If the Rogue is there, Gather Info will be used but the options are pretty open on this depending on what sort of questions he asks.

With 6 players and 2 hours in game before curfew is called I plan on having up to 12 skill checks involved. 

As the group is 6th level, I plan on setting the DCs at:
Easy - 12
Normal - 16
Hard - 20
{thats 50% chance for a normal check at max cross class skill... does this look right?}
[/sblock]

Thanks in advance for the help. I hope to be able to turn this encounter into a good 'different' start to the session.


----------



## sirwmholder (Mar 10, 2008)

Wow, very cool idea...
[sblock]Though I'm not sold on the Players having the choice or an easy, normal or hard check... I seem to recall a 5 was the DC for an easy skill check in the DMG... even untrained.  I would probably set the normal DC as 15.  Success by 10 or more equals 2 successes and failure by 10 or more nets 2 failures.  Whichever side reaches the goal first determines the outcome.  You don't even have to balance the sides... for instance 10 successes would make the noble trust the PC's enough to reveal anything he may know... whereas 5 failures either offends him or gives him enough cause to walk away.  Give an obitrary +2 for good roleplaying and the heroes should still come out on top.

Since I haven't made it to that adventure yet... I can't help you with what skill checks to use.  Though I tend to treat Gather Information & Knowledge checks as small talk... Diplomacy & Intimidate as more detailed information.  As always a Sense Motive to counter a Bluff check though NPC's would rather say nothing than lie to Mercenaries... bad things tend to happen otherwise.[/sblock]Hope this helps more than hinders,
William Holder

EDIT: Added to advice


----------



## Primitive Screwhead (Mar 10, 2008)

Preciate the post 

 Since you haven't made it to that point yet, I will be sure to post up an after-action so you know how it went!


----------



## Primitive Screwhead (Mar 24, 2008)

The game went well last Friday, and my 'beer and pretzal's group was a bit surprised to have an entire session without a battlemap 

I ended up only giving a short description of how the challenge worked and a couple examples of what actions might be available. Then I let the players run with it...starting with the ones I know have more experience at off-the-cuff roleplaying.

Here is a snippet of the recap email I send {mainly to keep people on track with what happened from month to month}


========
The evenings repast finished, the group split ways to try to gather information that would assist them in the audience with King Steppengaard.
   Devon and Eid went to visit the house of Lord Iz, a barbaric lord of the steppes to the northwest. Devon demonstrated the martial strength in an attempt to encourage the house to side with Seaquin. At the brink of failure, Eid offered to demonstrate both the courage and martial skill by striking Devon's cat* from across the courtyard....while Devon still wore it!
The laughter and cat-calling of the watching mercenaries turned first to silence, and then to resounding cheers as the arrow sped across the yard and precisely skewered the cat, with nary a flinch from Devon.
   Galen first went to the house of Lady Timor, attempting to convince her that the safety of the Glassteel cliffs would not protect her from the depredations of the Ragesians. He then approached Lord Megadon, the merchant lord of the coast, in an attempt to curry his favor. Despite a well worded presentation, the proxy for the lord was not impressed.
  Soren went to the gamekeeper for Lord Rego and learned that the house was on good terms with Lord Megadon and Lady Namin. None of the three are appreciative of Seaquin. 
  Arcanis went from place to place and regaled folks with tales of past years and battles. Years of aggression from Ragesia and how only the combined forces of the southern nations were able to convince Emperor Coaltongue to call a truce.

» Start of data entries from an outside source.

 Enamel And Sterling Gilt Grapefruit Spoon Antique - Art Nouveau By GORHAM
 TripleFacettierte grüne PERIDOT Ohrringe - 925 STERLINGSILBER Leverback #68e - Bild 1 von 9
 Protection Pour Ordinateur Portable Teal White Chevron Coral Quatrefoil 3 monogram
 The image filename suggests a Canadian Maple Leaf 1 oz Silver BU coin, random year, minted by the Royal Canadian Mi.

Once the 10th bell rang, the group gathered in their room and talked over how to approach the king. The debate lasted well into the night with many chances to tell both Devon and Soren that drawing steel in the courtroom would not be a good thing to do... 

===========

My group was hesitant at first, trying to tie actions to skills that were maxed out on thier character sheet, but eventually loosened up. After the game it was mentioned that now that they have a feel for how the system works they will be much more into the action the next time I use a skill challenge.

  The successes changed how the story line went, for instance Lord Iz was convinced to not join in with King Steppengaard's march against Lord Gallo and instead prepare to join against the Ragesians... altho the PCs dont know that yet.
  The failures, the few there were, happened to be with a goal that didn't really affect much. The most critical was the attempt to talk Lady Timor out of the glassteel cliffs. That will make a future encounter a bit more of a chilled reception.

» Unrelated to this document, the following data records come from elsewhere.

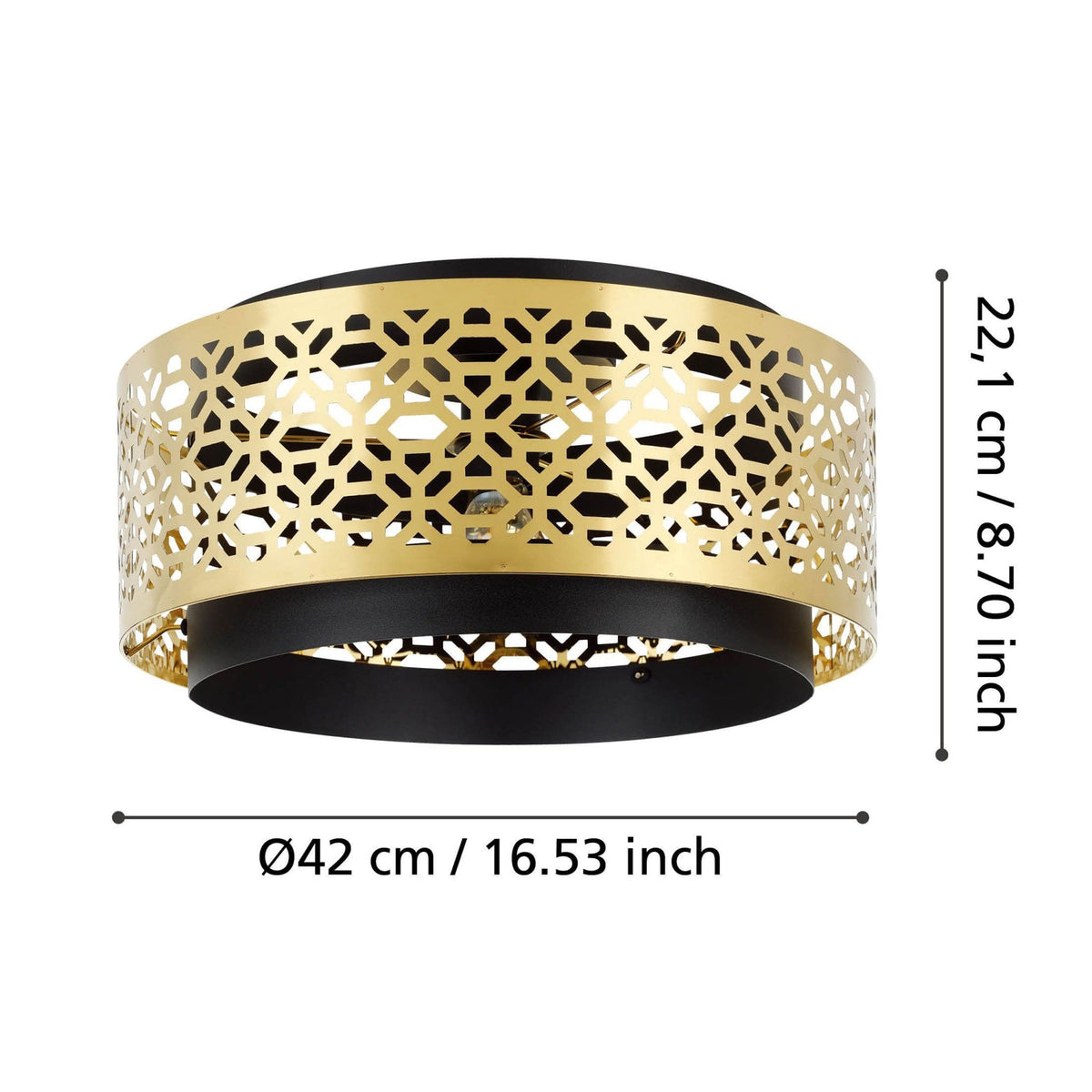 Sandbach Ceiling Light with a Black Steel Canopy and a Round Brass Lampshade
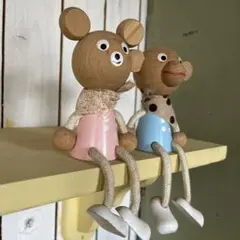 北欧　木のおもちゃ　くま　さる　2個セット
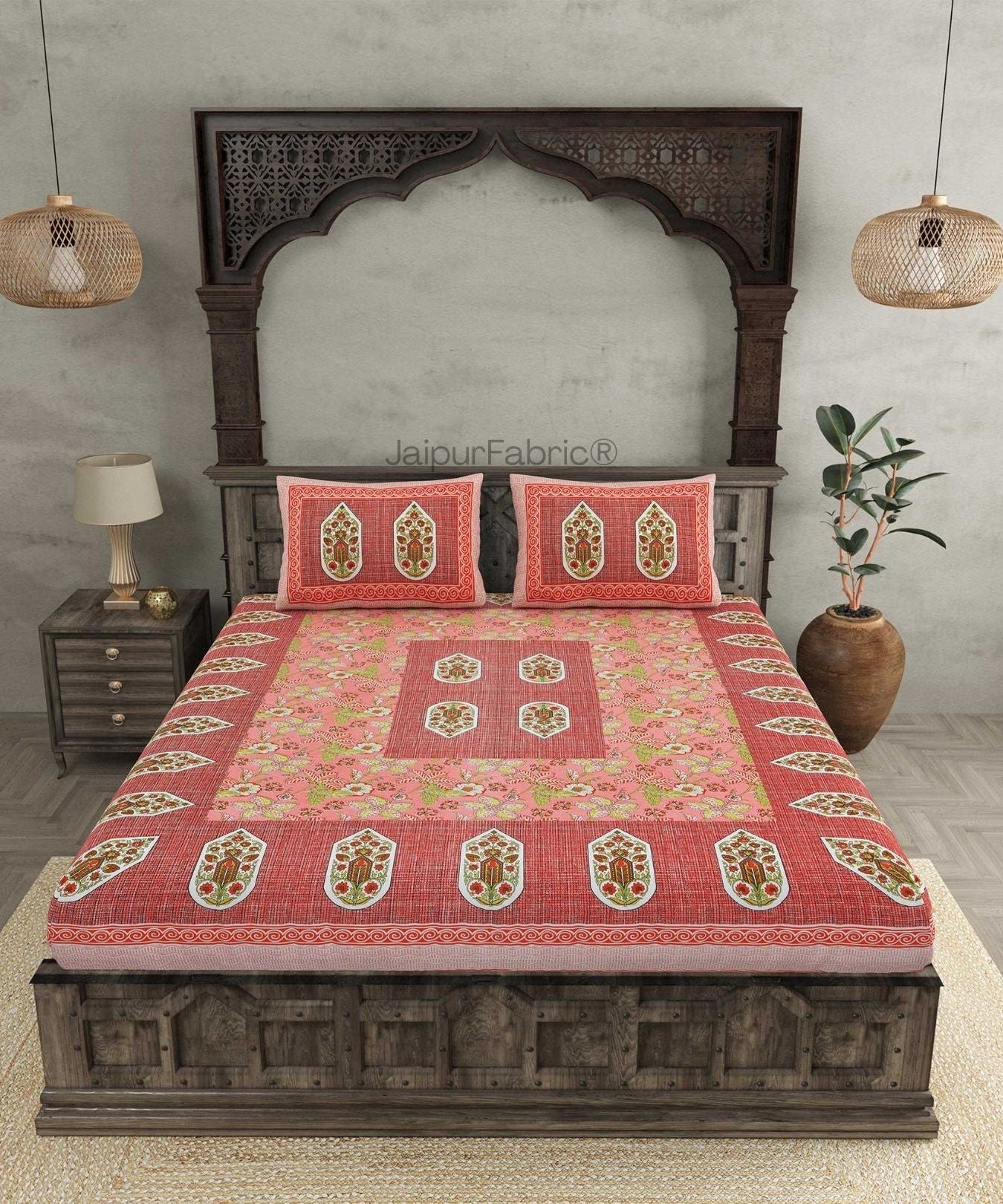Hawa Mahal Peach Pure Cotton Double Bedsheet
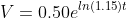 V=0.50e^{ln(1.15)t}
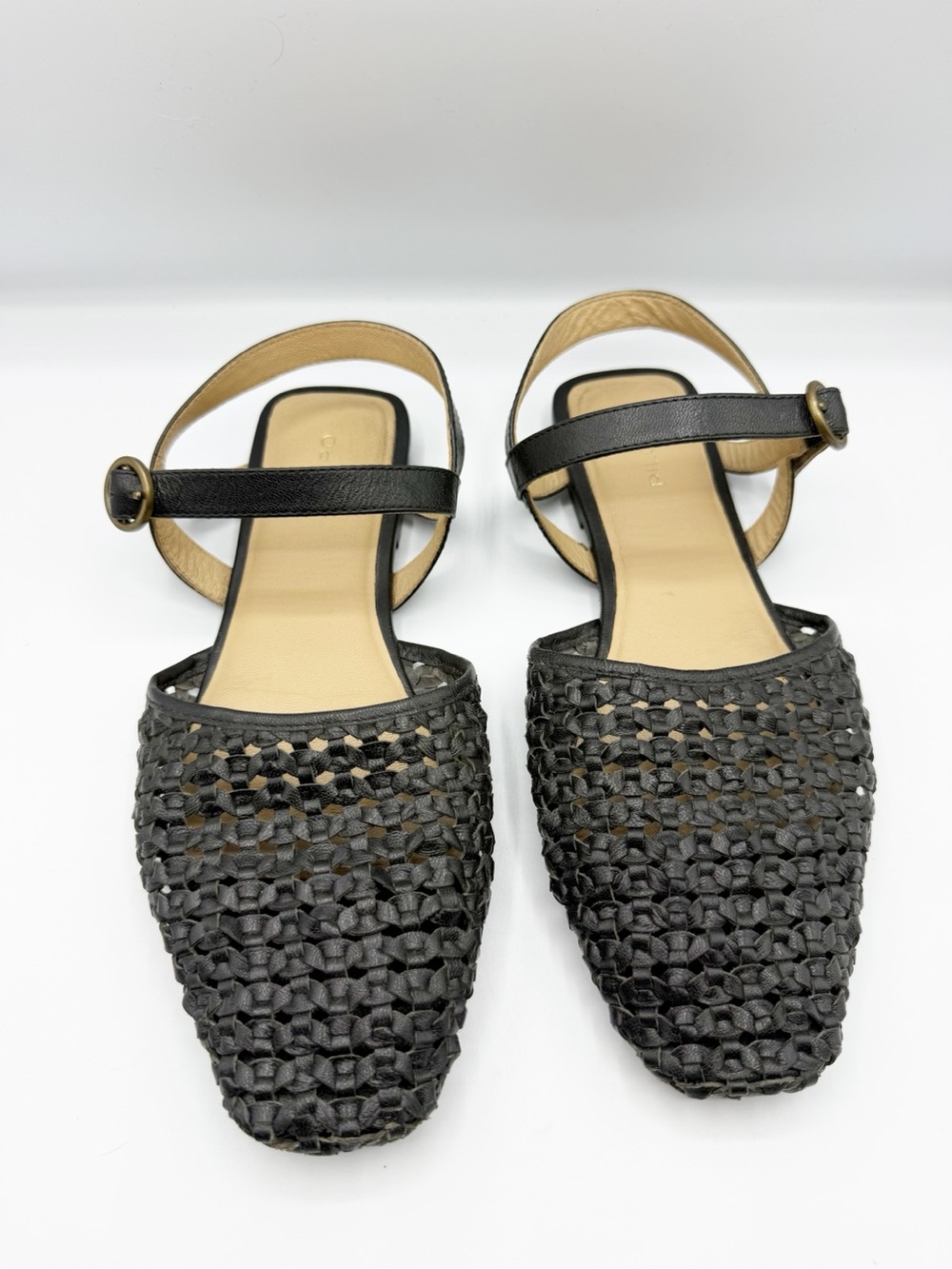 Pilcro Anthropologie Black Woven Flats Leather Size 9 - Picture 3 of 6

For DCs, I ended up going with level +10 as the normal check, +/- 4 for hard/easy. This was mainly to allow cross-class and non-class skill checks. I think under 4e it will be easier for players to stop looking at thier character sheet for inspiration and just go for it.

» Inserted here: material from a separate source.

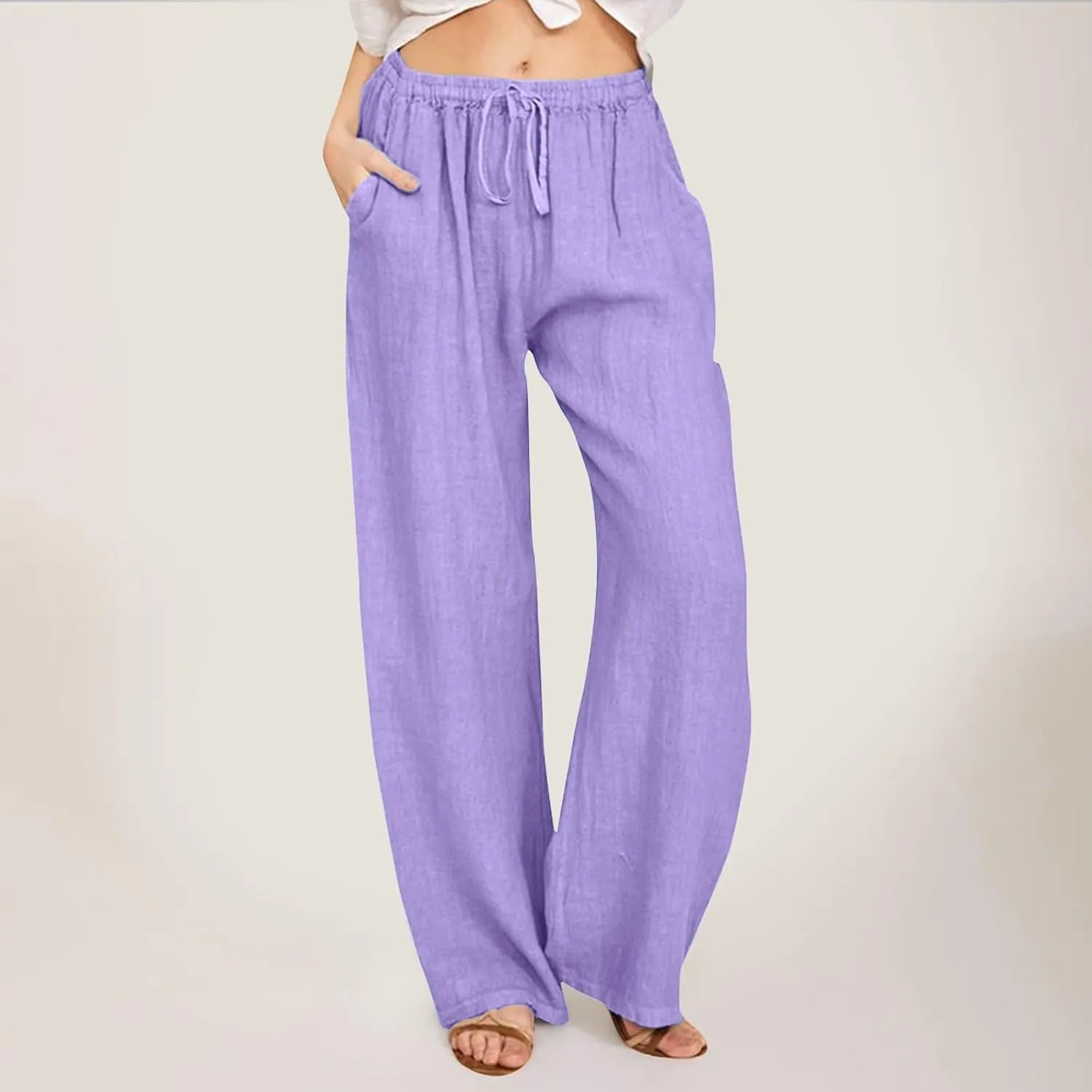 Women Linen Blend Summer Baggy Pants Low Waist Long Lounge Plus Size Pant Trousers Trendy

*  er, I suppose I have to explain Devon's cat...remember the dead mage in module #1, frozen with the dream shroud and his familiar cat? well... um, Devon is a totemic barbarian and he decided to keep the frozen dead cat as a charm. Since then the cat has been burned to crisp in module #2, gnawed on by a rat swarm in module #3, and finally taken to a taxidermist. Now it has a neat arrow hole in it.


----------